124455,A830112,,03/02/2021 04:37:00 PM,03/02/2021 04:37:00 PM,01/18/2021,Euthanasia,Suffering,Dog,Unknown,1 month,Pit Bull,Tan/White
124461,A830114,,03/02/2021 05:07:00 PM,03/02/2021 05:07:00 PM,03/02/2020,Euthanasia,Suffering,Other,Unknown,1 year,Fox,Brown/White
124465,A830138,,03/03/2021 10:49:00 AM,03/03/2021 10:49:00 AM,03/03/2019,Euthanasia,Rabies Risk,Other,Unknown,,Skunk,Black
124475,A830156,,03/03/2021 02:46:00 PM,03/03/2021 02:46:00 PM,03/03/2020,Euthanasia,Rabies Risk,Other,Unknown,,Raccoon,Black


- **The dataframes are very similarly shaped, but there are more values in the outcomes dataframe in most columns, so the dataframes have a one-to-many relationship if the intakes are on the left and outcomes are on the right.**

#### 1. The key identifier variable for this data is the Animal ID. Perform a merge to determine if there are any animal ids from the intakes data that do not appear in the outcomes data and vice versa.
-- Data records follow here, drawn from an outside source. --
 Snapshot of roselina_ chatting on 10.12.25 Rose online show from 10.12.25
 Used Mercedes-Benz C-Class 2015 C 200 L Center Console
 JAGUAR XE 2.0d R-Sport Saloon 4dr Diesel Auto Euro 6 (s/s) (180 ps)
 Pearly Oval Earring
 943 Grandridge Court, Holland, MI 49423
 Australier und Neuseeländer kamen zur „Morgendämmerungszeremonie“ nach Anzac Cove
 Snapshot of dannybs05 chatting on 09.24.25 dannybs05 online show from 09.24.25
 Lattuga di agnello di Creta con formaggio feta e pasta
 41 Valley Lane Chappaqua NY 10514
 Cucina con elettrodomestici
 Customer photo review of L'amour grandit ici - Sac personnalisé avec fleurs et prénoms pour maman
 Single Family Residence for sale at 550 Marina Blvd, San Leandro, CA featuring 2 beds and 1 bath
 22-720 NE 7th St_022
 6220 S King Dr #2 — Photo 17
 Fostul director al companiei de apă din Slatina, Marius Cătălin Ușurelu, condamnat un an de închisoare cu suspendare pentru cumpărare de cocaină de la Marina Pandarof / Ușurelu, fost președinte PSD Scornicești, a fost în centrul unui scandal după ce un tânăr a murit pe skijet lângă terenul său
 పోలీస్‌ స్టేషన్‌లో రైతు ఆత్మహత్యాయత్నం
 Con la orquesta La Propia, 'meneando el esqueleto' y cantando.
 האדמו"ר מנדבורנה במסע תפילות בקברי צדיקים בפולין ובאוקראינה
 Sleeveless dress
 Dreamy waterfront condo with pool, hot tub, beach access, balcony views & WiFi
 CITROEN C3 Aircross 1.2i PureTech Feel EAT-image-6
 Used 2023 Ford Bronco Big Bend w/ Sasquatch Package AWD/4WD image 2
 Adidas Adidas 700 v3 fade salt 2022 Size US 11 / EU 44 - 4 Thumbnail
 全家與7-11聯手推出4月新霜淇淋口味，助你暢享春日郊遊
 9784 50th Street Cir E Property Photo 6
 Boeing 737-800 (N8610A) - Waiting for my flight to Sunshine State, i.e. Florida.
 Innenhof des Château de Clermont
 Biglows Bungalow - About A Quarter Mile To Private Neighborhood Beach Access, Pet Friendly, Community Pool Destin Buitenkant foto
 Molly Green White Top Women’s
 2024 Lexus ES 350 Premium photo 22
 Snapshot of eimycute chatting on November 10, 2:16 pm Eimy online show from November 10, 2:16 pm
Think carefully about which column or columns you'd like to merge on.


#### 2. Sometimes, the column you want to merge on is the index of the DataFrame. For this problem, let's try merging on the index. Set the index of the intakes and outcomes dataframes to "Animal ID" (using the [set_index method](https://pandas.pydata.org/docs/reference/api/pandas.DataFrame.set_index.html) and then merge the two. Afterwards, you may want to set the index back to how it originally was (using the [reset_index method](https://pandas.pydata.org/docs/reference/api/pandas.DataFrame.reset_index.html)).


#### 3. Merge the intakes and outcomes dataframe on just the Animal ID column. Notice that any other columns that are in common get a _x and _y suffix. Use the suffixes parameter to change this to _intake and _outcome. Are there are animal ids which have different Name values in the intake and outcomes DataFrames?


#### 4. Merging just on Animal ID doesn't necessarily match a given intake to its corresponding outcome. However, we can change the way that we merge to try to match these up correctly.


    a. We'll need to make use of the DateTime columns in order to make this merge work. Convert these columns to the datetime type.  


    b. Now, use the [merge_asof function](https://pandas.pydata.org/docs/reference/api/pandas.merge_asof.html) in order to match intake rows to their corresponding outcome rows. That is, each intake row should be matched with the outcome that is nearest to it in the future (still matched by Animal ID).  


    c. Are there any instance of an intake that doesn't have an outcome before the next intake? Keep only the last intake row for those cases.  


    d. Create a new column showing the time between intake and outcome. What does the distribution of these values look like? Does it vary by animal type?  


    e. Find all rows where the animal is intact at intake and spayed or neutered at outcome. What percentage of intact intakes result in a spay or neuter?